MATERIAL FOR THE TASK START

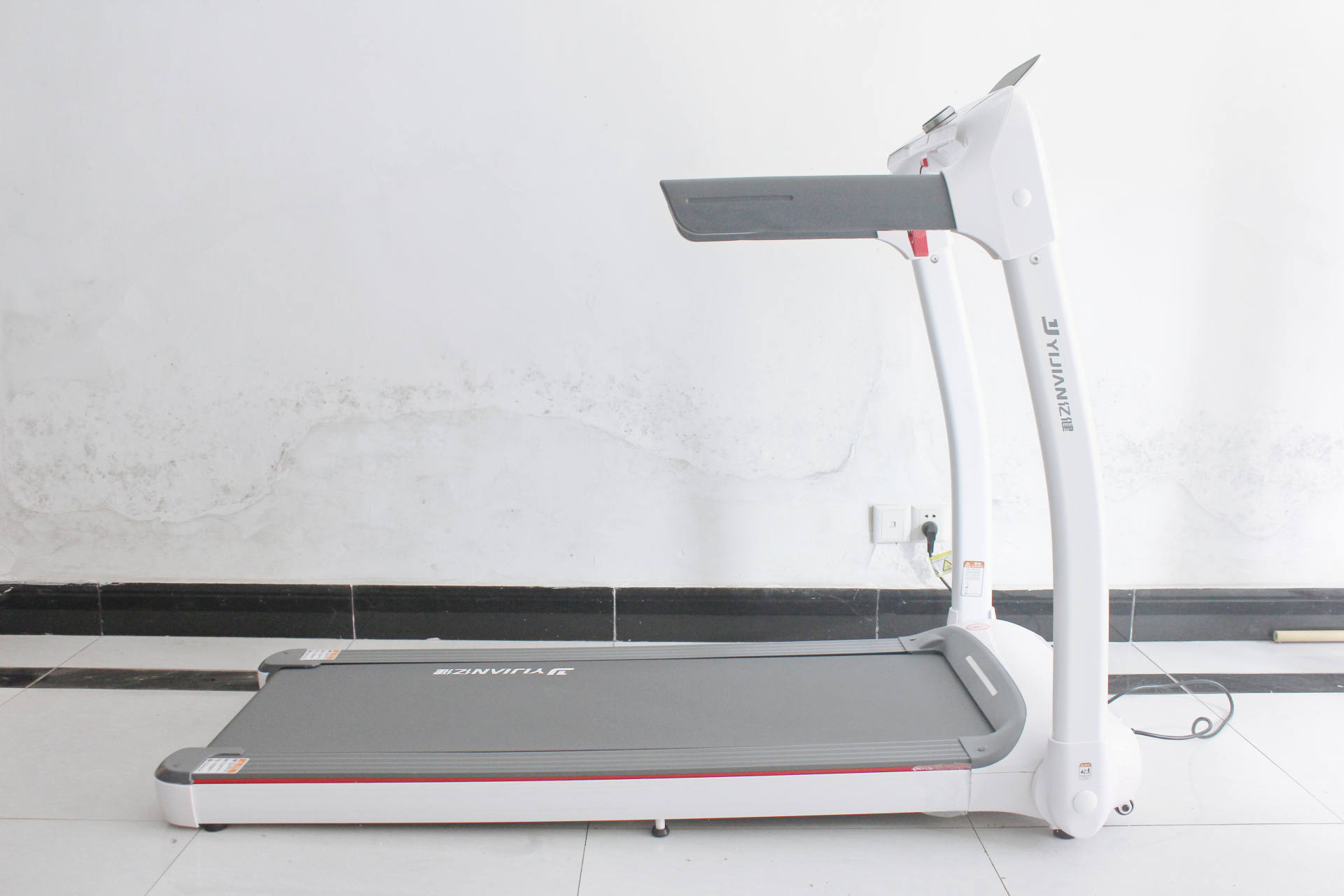 pg電子娛樂平臺 每逢佳節(jié)胖三斤？華為智選億健精靈S7跑步機，宅家健身好選擇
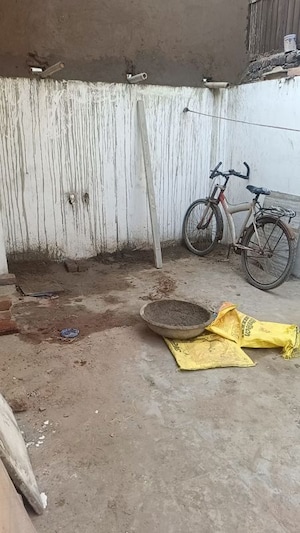 Parking in 2 BHK Independent House at RWA Apartments Sector 45, Sector 45 – for Rent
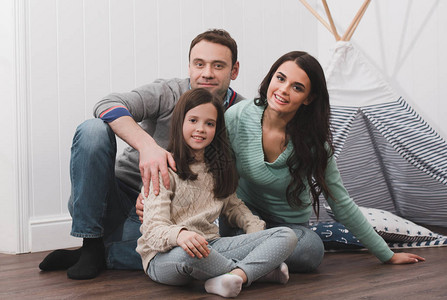 幸福父母和女儿的家庭肖像在家里图片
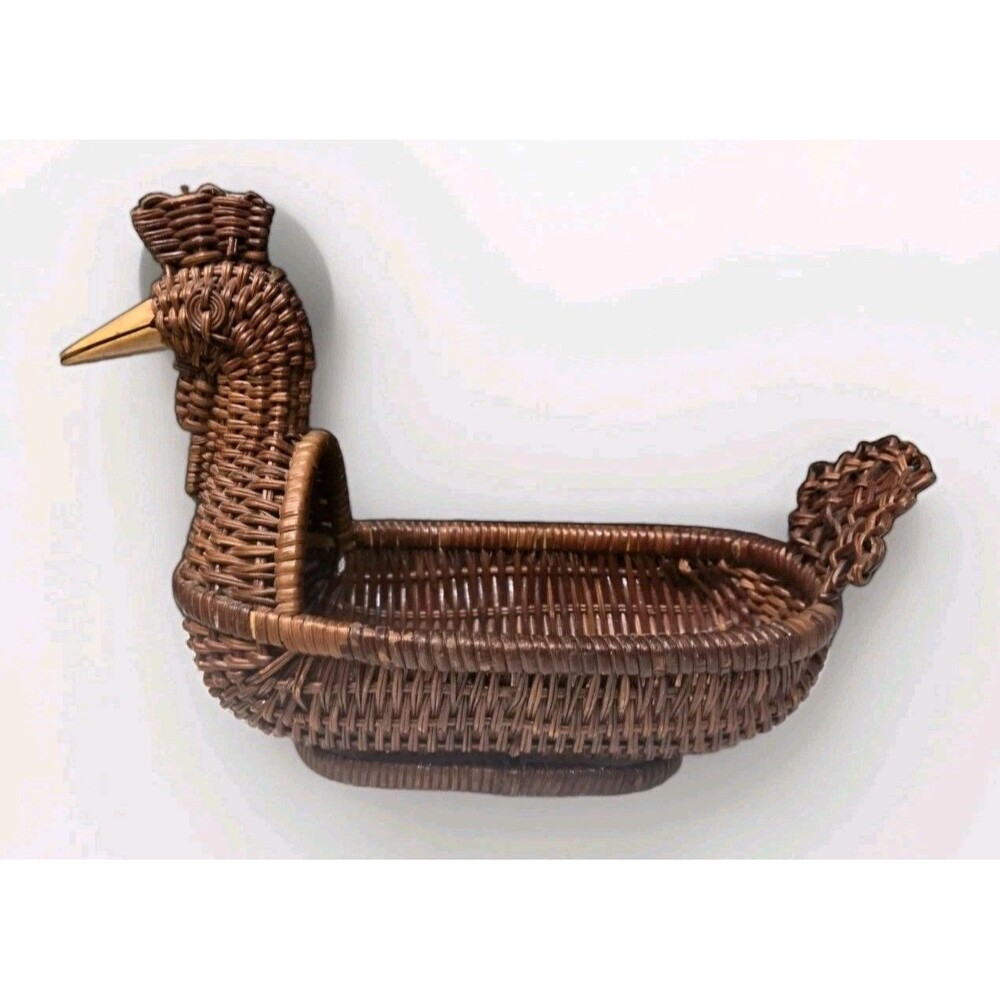 Vintage Wicker Rattan Rooster Chicken Basket Planter Handwoven Farmhouse Decor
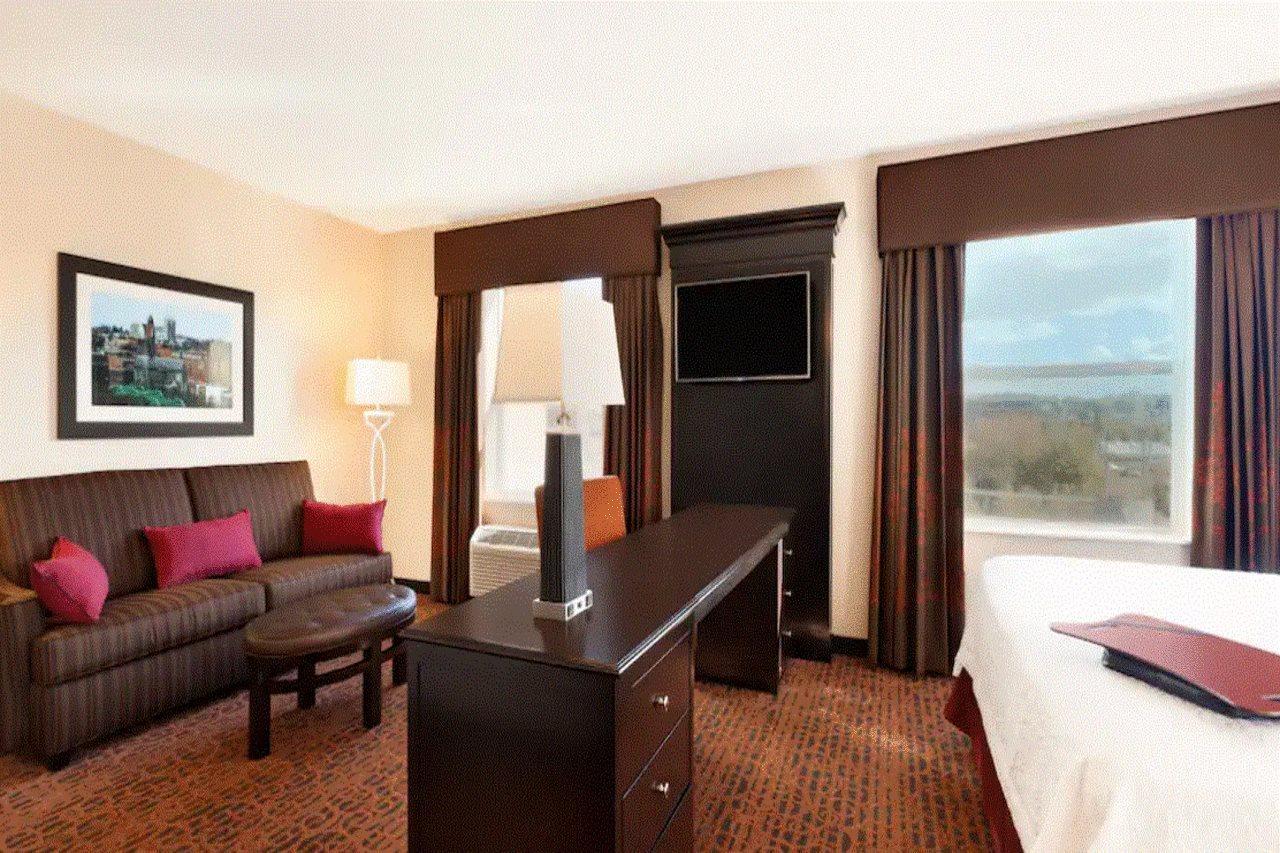 Hampton Inn Lewiston-Auburn Экстерьер фото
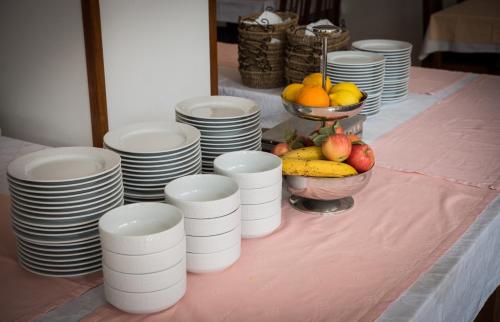 een tafel met witte borden en een fruitschaal bij Mobile homes Bonaca in Srima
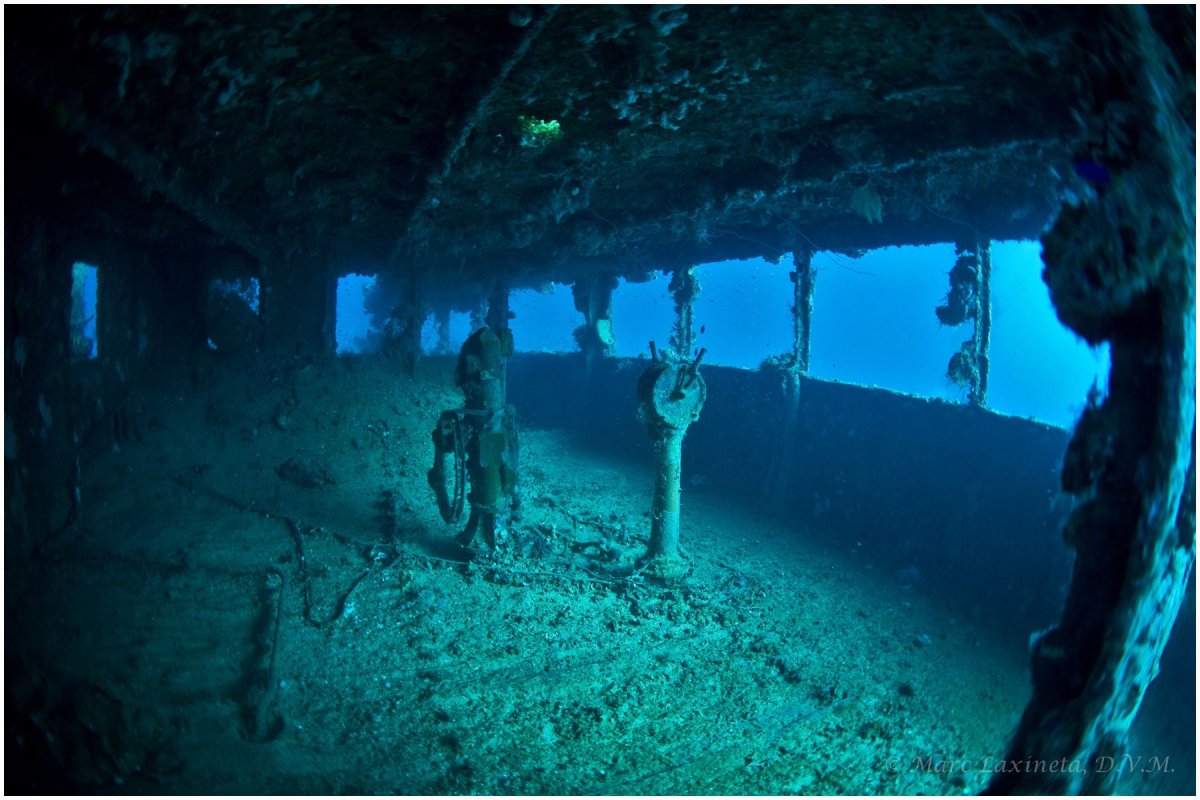 Титаник под водой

MATERIAL FOR THE TASK END

> _WHAT TO PRODUCE_: Leaving out all pictures, retype exactly the lines that run from the one containing "Parking in 2" through the last line of the material.

> _RESPONSE FOR THIS EXERCISE_:
 Parking in 2 BHK Independent House at RWA Apartments Sector 45, Sector 45 – for Rent
 幸福父母和女儿的家庭肖像在家里图片
 Vintage Wicker Rattan Rooster Chicken Basket Planter Handwoven Farmhouse Decor
 Hampton Inn Lewiston-Auburn Экстерьер фото
 een tafel met witte borden en een fruitschaal bij Mobile homes Bonaca in Srima
 Титаник под водой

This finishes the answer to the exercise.